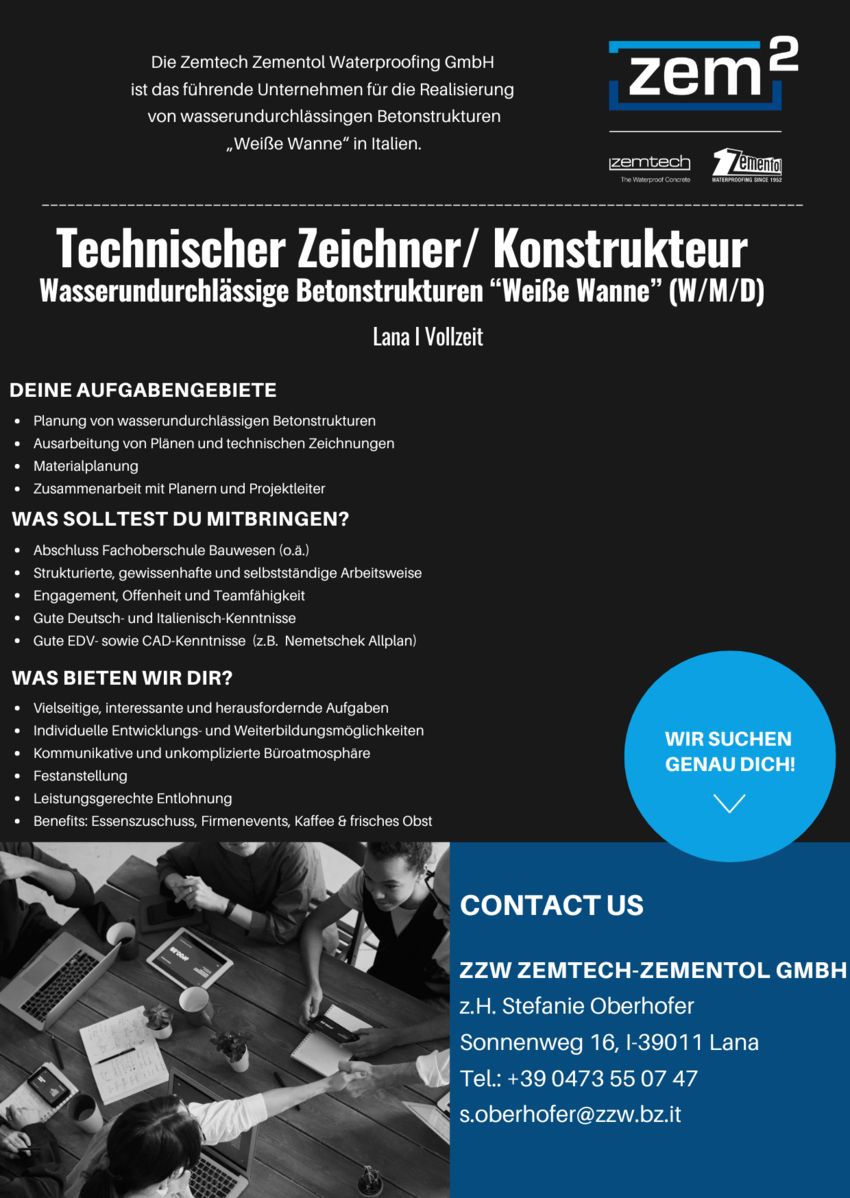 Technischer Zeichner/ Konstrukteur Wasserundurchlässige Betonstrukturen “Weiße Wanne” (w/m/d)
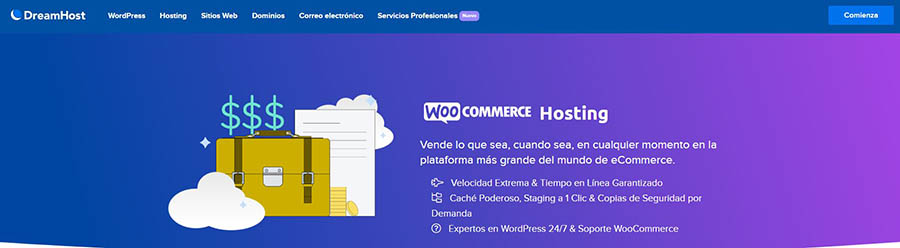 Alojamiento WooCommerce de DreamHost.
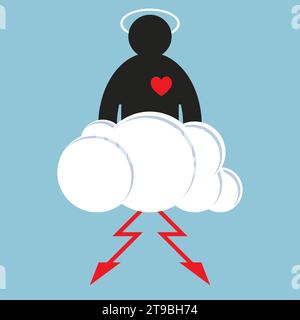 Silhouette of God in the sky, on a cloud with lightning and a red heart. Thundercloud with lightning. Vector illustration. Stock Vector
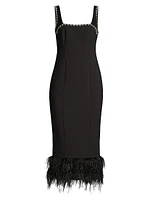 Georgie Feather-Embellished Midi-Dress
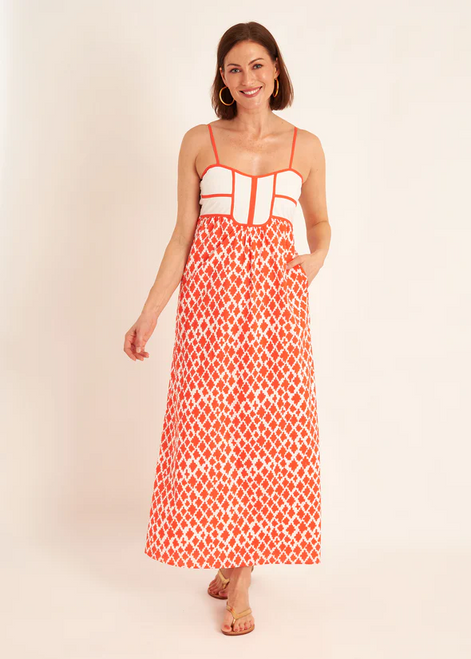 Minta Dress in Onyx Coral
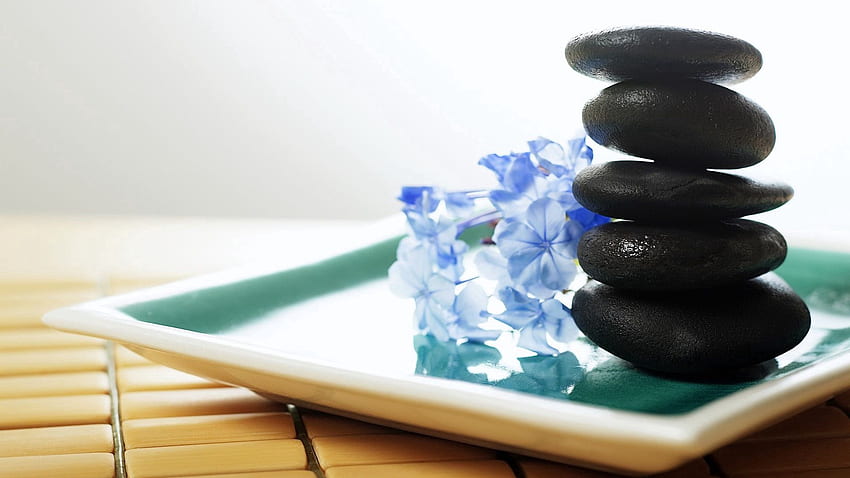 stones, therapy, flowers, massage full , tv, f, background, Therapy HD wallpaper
○ ○ ○
### Directions
Nothing but the lines from the line holding "Minta Dress in Onyx Coral" through the last line of the entries above is to be reproduced, exactly and without pictures.

### Problem solution
 Minta Dress in Onyx Coral
 stones, therapy, flowers, massage full , tv, f, background, Therapy HD wallpaper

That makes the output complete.